Data below:
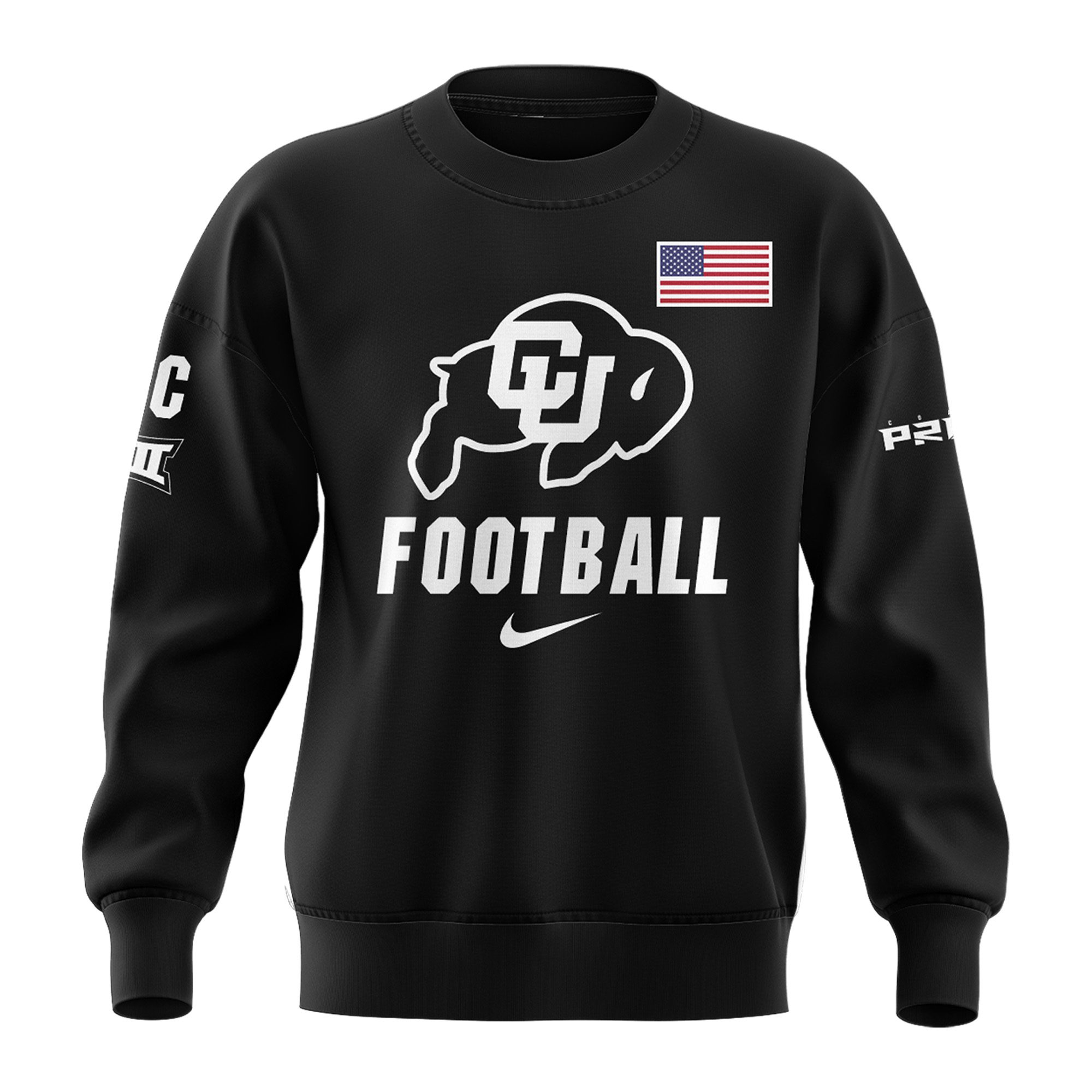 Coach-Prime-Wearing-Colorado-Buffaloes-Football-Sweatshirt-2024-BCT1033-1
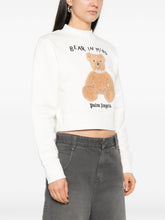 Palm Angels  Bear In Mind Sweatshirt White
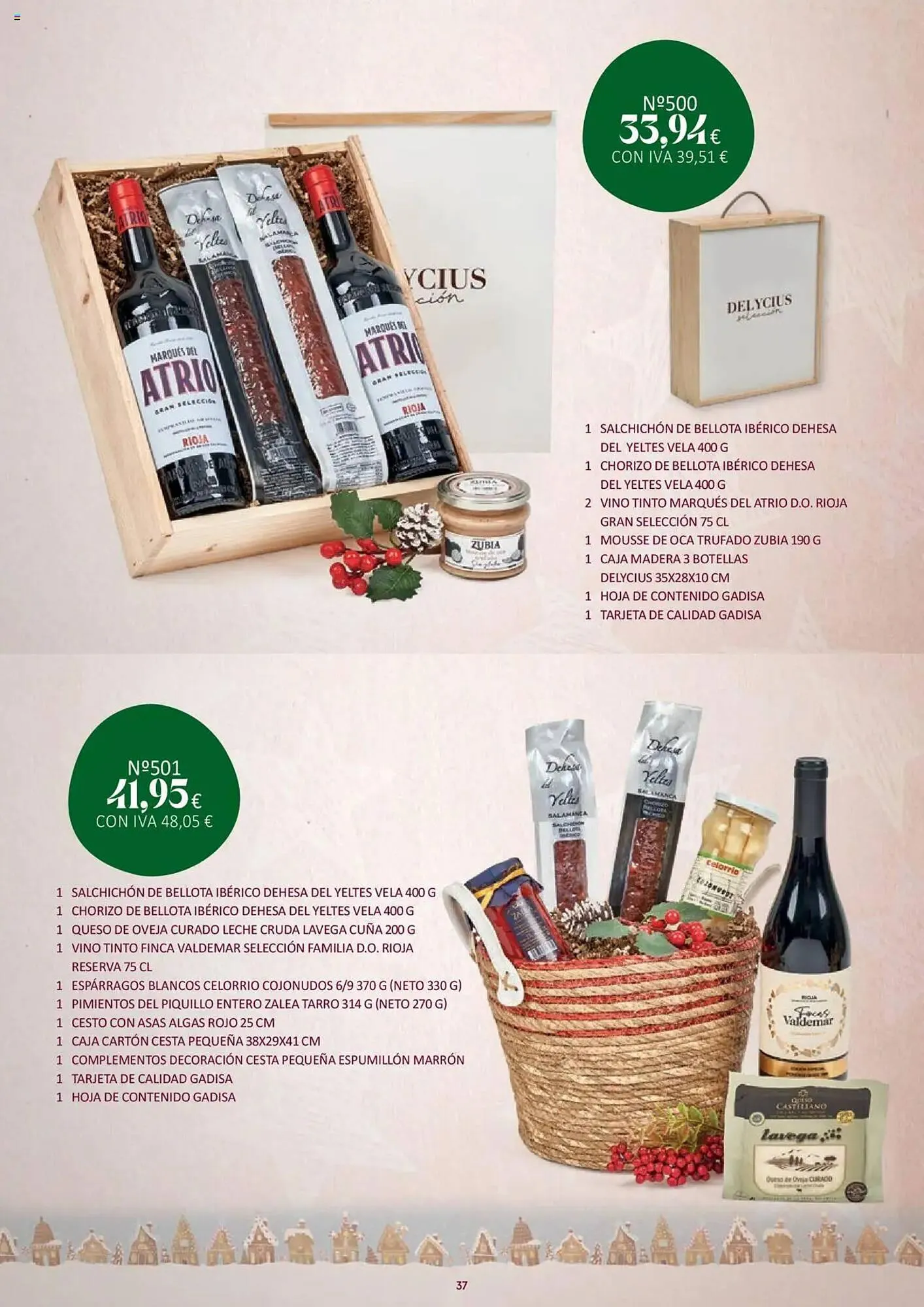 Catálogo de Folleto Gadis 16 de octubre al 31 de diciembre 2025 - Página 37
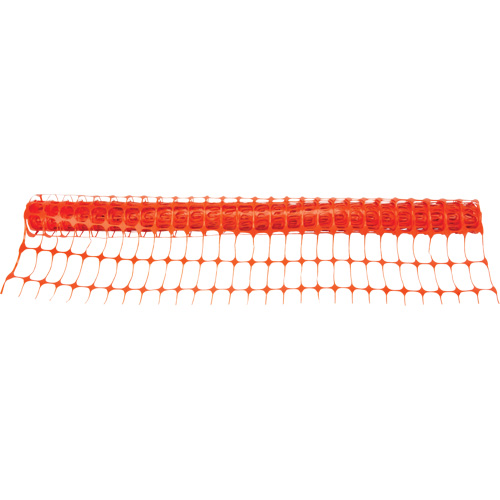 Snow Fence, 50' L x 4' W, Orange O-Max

What you need to do: Please make an exact copy of the whole listing and leave out its pictures.

Response area:
 Coach-Prime-Wearing-Colorado-Buffaloes-Football-Sweatshirt-2024-BCT1033-1
 Palm Angels  Bear In Mind Sweatshirt White
 Catálogo de Folleto Gadis 16 de octubre al 31 de diciembre 2025 - Página 37
 Snow Fence, 50' L x 4' W, Orange O-Max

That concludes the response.